I run a 103-skill corpus, all prefixed kg-, on top of Claude Code. I measure router performance on a 50-case adversarial benchmark: each case has a prompt, an expected skill, a list of acceptable secondaries, and a list of explicitly rejected skills. When I closed the second phase of my context-engineering build last week, top-1 accuracy sat at 94 percent. Earlier in the same session, it was at 80 percent. The 14-point move came from three description rewrites, each of which added a single NOT-clause to a skill that was over-claiming adjacent scope.

I had spent more time in the weeks before that session tightening invocation triggers, adjusting frontmatter, and debating whether to swap the router model. None of that produced 14 points. The descriptions did.


What the public discussion misses

Most AI tooling content frames router accuracy as a model problem. Use a bigger model. Use a longer context window. Give the router more examples. All of that is downstream of the actual issue.

Descriptions written without explicit NOT-clauses produce overlapping claim surfaces. If skill A says "I audit and assess skills" and skill B says "I maintain the skill index," both descriptions are true but neither draws a hard boundary. The router, faced with a prompt that contains both "skills" and an action verb, has to choose between two equally plausible surfaces.
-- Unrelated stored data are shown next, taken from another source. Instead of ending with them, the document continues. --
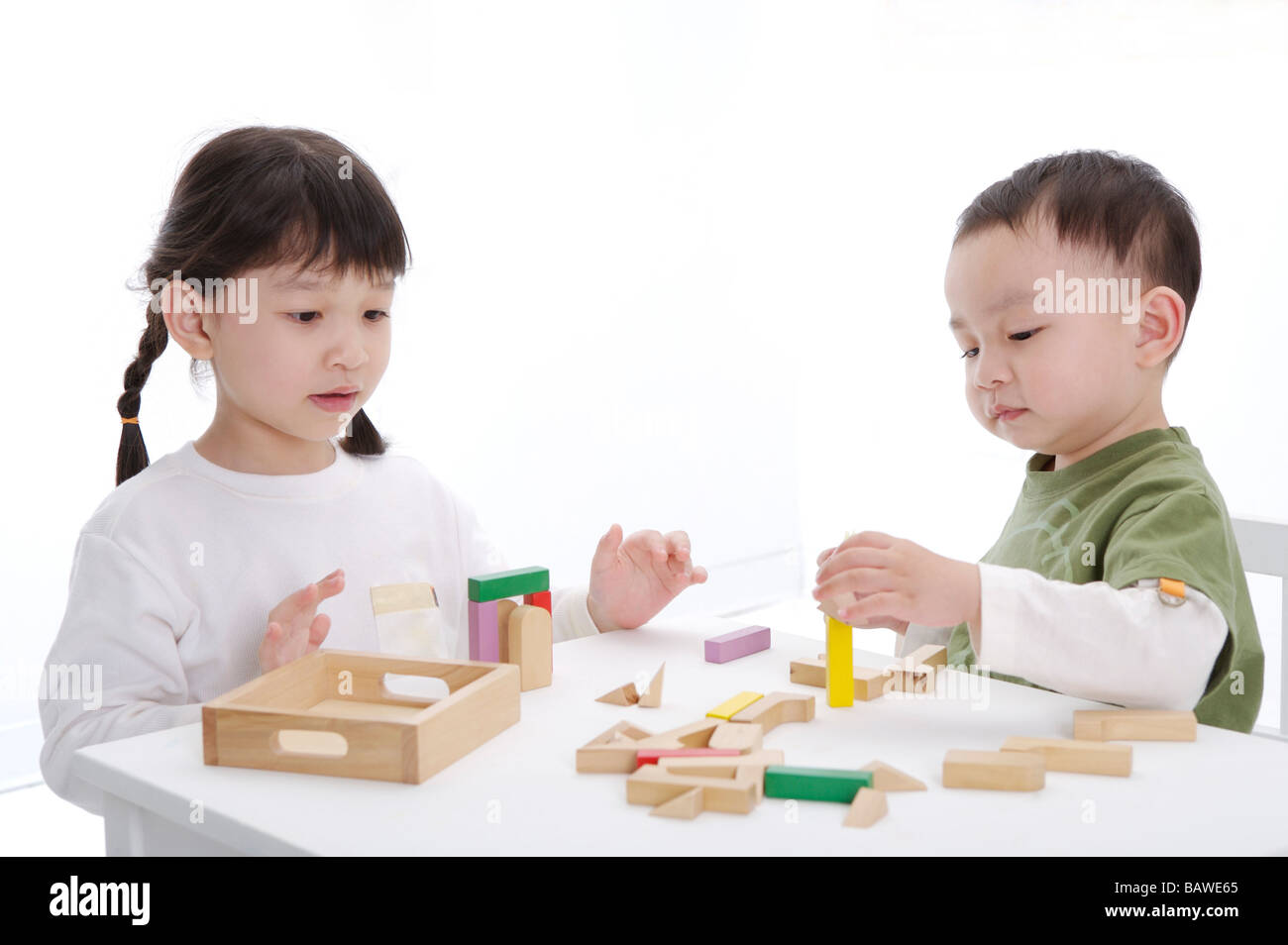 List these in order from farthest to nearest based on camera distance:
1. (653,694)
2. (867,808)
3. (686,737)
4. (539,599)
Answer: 1. (539,599)
2. (653,694)
3. (686,737)
4. (867,808)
It will guess based on token proximity and phrase frequency, not intent. High-confidence guesses are especially dangerous here: the router does not hesitate, so you do not get a signal that disambiguation is needed.

The fix is not to make the descriptions longer or to add more trigger phrases. The fix is to make each description explicitly disclaim the scope of its nearest neighbour. A skill that says "NOT for X, that is Y's job" gives the router a hard wall rather than a soft gradient. The router stops treating the two skills as interchangeable.

The second thing the public discussion misses is the relationship between corpus size and collision frequency. At 10 skills, adjacency collisions are rare. At 50, they are manageable. At 103, they are the dominant source of routing error. The number of potential collision pairs grows faster than the corpus itself. Description quality compounds in importance as the corpus grows, which means the investment in NOT-clauses pays more the later you make it. That is also an argument for making it early.

This is a familiar problem in accounting: a profit and loss account does not get to claim cash receipts that belong on the balance sheet. The chart of accounts is valuable precisely because each account has hard boundaries, not fuzzy ones.


The walkthrough

Before: a confident wrong answer

The case that sharpened this most clearly was adversarial-ce-vs-skills-registry.

Prompt: "Update the skills registry with the new kg-ce entry."

Expected route: kg-skills-registry. That skill is responsible for rebuilding the index from disk, adding skill metadata, and maintaining the running count of what is in the corpus.

Actual route before the rewrite: kg-ce at 0.88 confidence score.

That 0.88 is the detail worth pausing on. A low-confidence wrong answer is a hesitation signal. A high-confidence wrong answer means the router is fully committed to the miss and will not back down without new information. It is the most dangerous category of routing failure because it is silent. The system proceeds. The wrong skill runs. Nothing in the output flags the problem.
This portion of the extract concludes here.